Let’s Try This Again

The other day I posted about a datura that wasn’t a datura that I thought had been given the patois name “Agouti Umbrella,” but is not in fact the “Agouti Umbrella” even though it certainly looks like it could be one.

The fern-like moss shown in the above photo is the real “Agouti Umbrella” aka “Parasol Agouti.” In my defence, it doesn’t seem to make much sense does it? After all, the Brugmansia, which incidentally is labelled Datura in one of the books I have been using as a reference (confused yet?) is shaped like a large parasol covered in drooping umbrellas.

But, no.

This teeny weeny little plant called Sellaginella that I saw growing in the forest, at a friend’s place up in the Valley (here is another source of contention. The idea that one would travel uphill to arrive at a valley continues to confound me), and as seen in the photo above, taken on our hike to the Boiling Lake, is the real “Agouti Umbrella”.


This has proven to be another lesson in the importance of scientific names. Case in point, I was introduced to several plants on the trip that I haven’t been able to show you because I can not identify them. Davin and I spent about three hours collectively attempting to identify a plant that we can’t find a single reference to both online or in books. All I have is the Patois or Creole name, and even that can get very confusing. A single plant can have a different Patois name depending on which island you are on, or even which community on any given island you happen to be visiting at the time. For example, there are nine varieties of yam on Dominica, and different Patois names for any given variety from village to village.
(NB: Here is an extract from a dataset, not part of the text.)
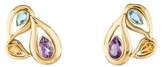 Thumbnail for your product : 14K Amethyst, Citrine & Topaz Drop earrings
As a result, I’ve pretty much given up trying to identify yams. It’s enough that I know the genus.

Added to that is the fact that I didn’t always hear the Patois correctly. I grew up with a grandmother who spoke Patois or “Kweyol” as it is sometimes called, (although she would never teach me) and who spoke with a pretty typical Dominican accent, and I still couldn’t understand what people were saying at times. It is a beautiful accent by-the-way. Very lyrical and sing-songy. So while I have my notes to refer back to, there have been many times when my spelling was way off the mark.

One of the books I have been using to make identifications, “Caribbean Wild Plants and Their Uses” by Penelope N. Honychurch, is helpful in that the index is organized by the scientific, English common, and Creole names. But it’s a small book and just about any plant that grows in the Caribbean is growing somewhere on Dominica. That’s a lot of plants to cover. They really need their own, comprehensive book.

Gayla Trail
Gayla is a writer, photographer, and former graphic designer with a background in the Fine Arts, cultural criticism, and ecology. She is the author, photographer, and designer of best-selling books on gardening, cooking, and preserving.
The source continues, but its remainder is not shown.